La scelta dell’animazione in stop–motion?
Il mio background è di animatore di pupazzi. Nel campo creavamo cose per l’animazione con i materiali che avevamo, e allo stesso modo le persone costruivano le loro case, in questo mondo surreale e anche ricco di colori, di dipinti, di poster politici sulla storia palestinese. Ho scelto di utilizzare i pupazzi per la loro tattilità, che secondo me poteva ben rappresentare questa realtà.

Come hai scritto la sceneggiatura?
Ho avuto consigli da registi e sceneggiatori del team di produzione. E ho discusso molto la sceneggiatura con i miei amici palestinesi. Sono anche tornato in Libano per parlarne con persone anziane, per sapere se ciò che descrivevo era reale. Il film è basato su storie vere, volevo che corrispondesse alle vite delle persone del campo.

Questo è un film sulla speranza. Come la si può ritrovare? Hai trovato speranza nei rifugiati palestinesi che sono nei campi?
Il campo è un simbolo della tragedia dei palestinesi, ma anche della loro resilienza. Dopotutto, sono riusciti a sopravvivere. Anche se tutto è cupo per loro, sanno chi sono e di avere diritti, il diritto di tornare nelle loro case. Questo dà loro dignità. Tornare è una speranza.
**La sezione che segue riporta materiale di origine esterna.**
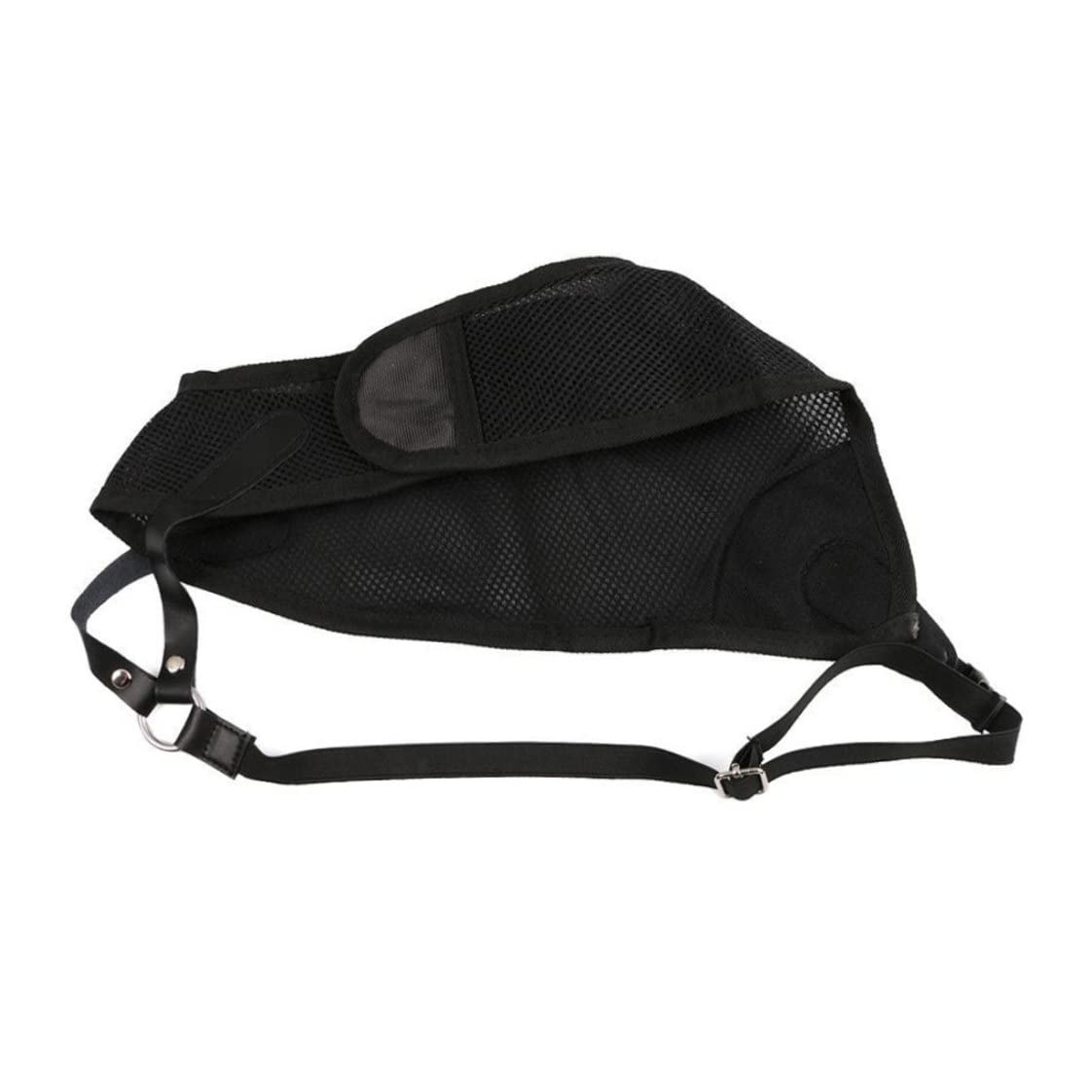Protector De Brazo De Tiro Con Arco, Protector De Rosa | Cuotas sin interés Protector De Brazo De Tiro Con Arco, Protector De Rosa | Cuotas sin interés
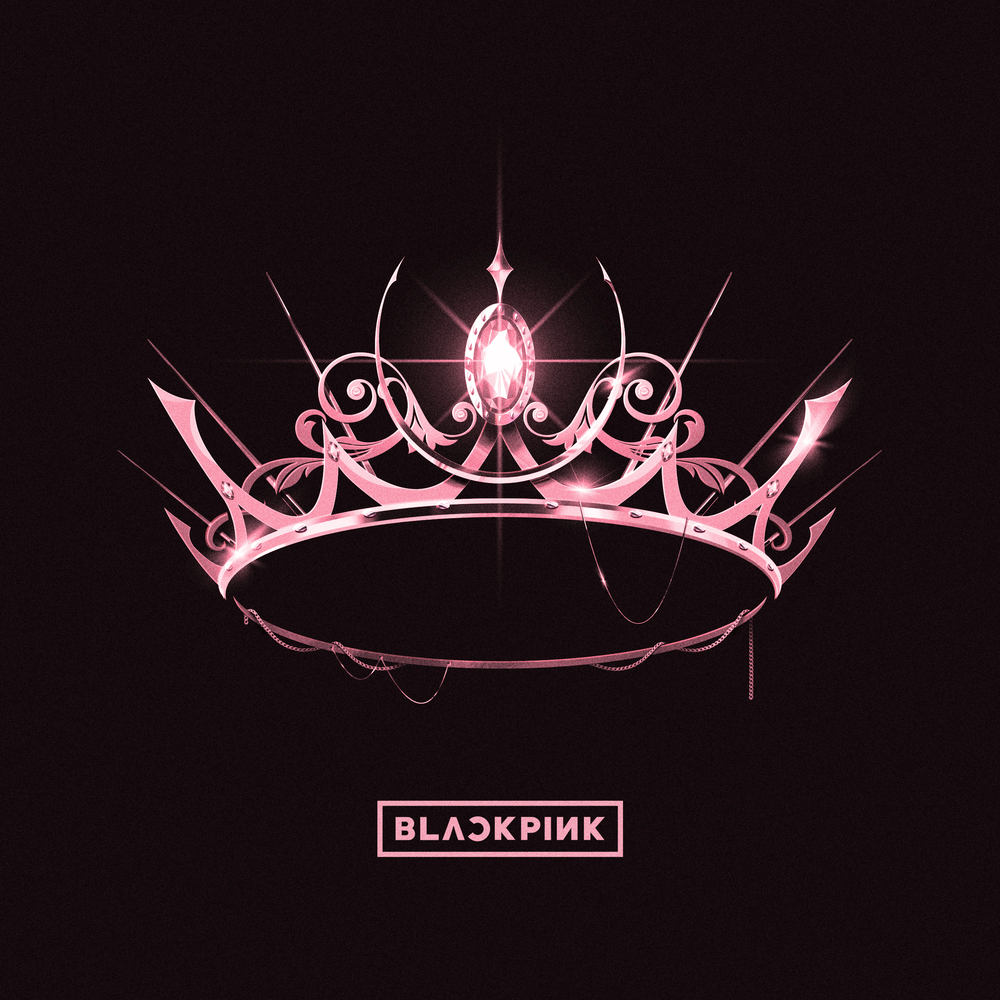  BLACKPINK - Love To Hate Me (가사/듣기)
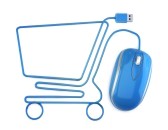 Come funziona Tasto Buy Now Twitter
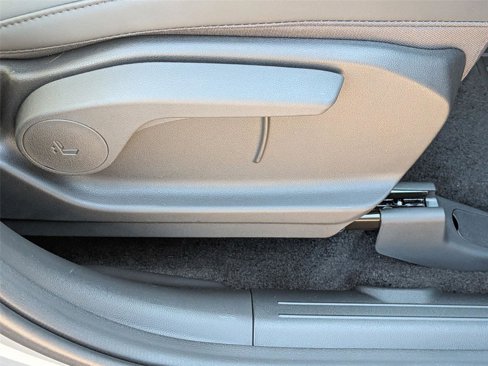 New 2026 Hyundai Santa Fe SEL image 39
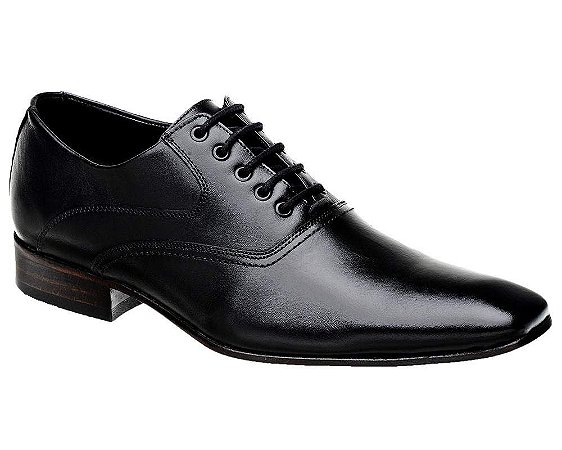 marcas de sapatos masculinos italianos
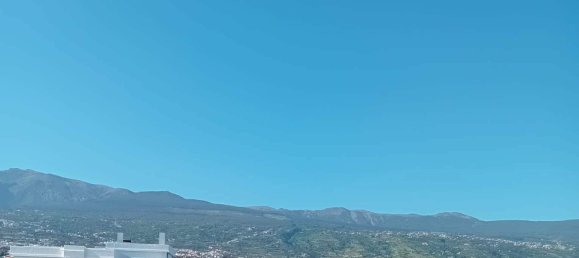 1 chambre Appartement à Puerto de la Cruz, Spain No. 177379 10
Le persone nel campo hanno molte speranze, grandi e piccole. Sognano di viaggiare, che i loro bambini possano crescere e avere un’educazione. Ora non hanno il potere politico, né militare, per poter tornare. Ma qualcosa di più definisce i palestinesi, ed è la loro identità. Sì, c’è speranza per le nuove generazioni, anche se è arduo trovarla in una condizione così buia. È una domanda difficile. Secondo un mio amico il solo fatto che uno straniero sia andato nel campo e abbia fatto questo film vuol dire che c’è speranza.

Che reazioni ha avuto il pubblico?
Molti hanno reazioni emotive abbastanza forti. Penso che abbiano sentito molto il dolore e la tristezza, e anche il lato più leggero di ciò che significa vivere ed essere umani. Credo che l’animazione abbia lo speciale potere di farci entrare in empatia con i protagonisti, di farci sentire un personaggio non come «l’altro», ma come qualcuno vicino a noi.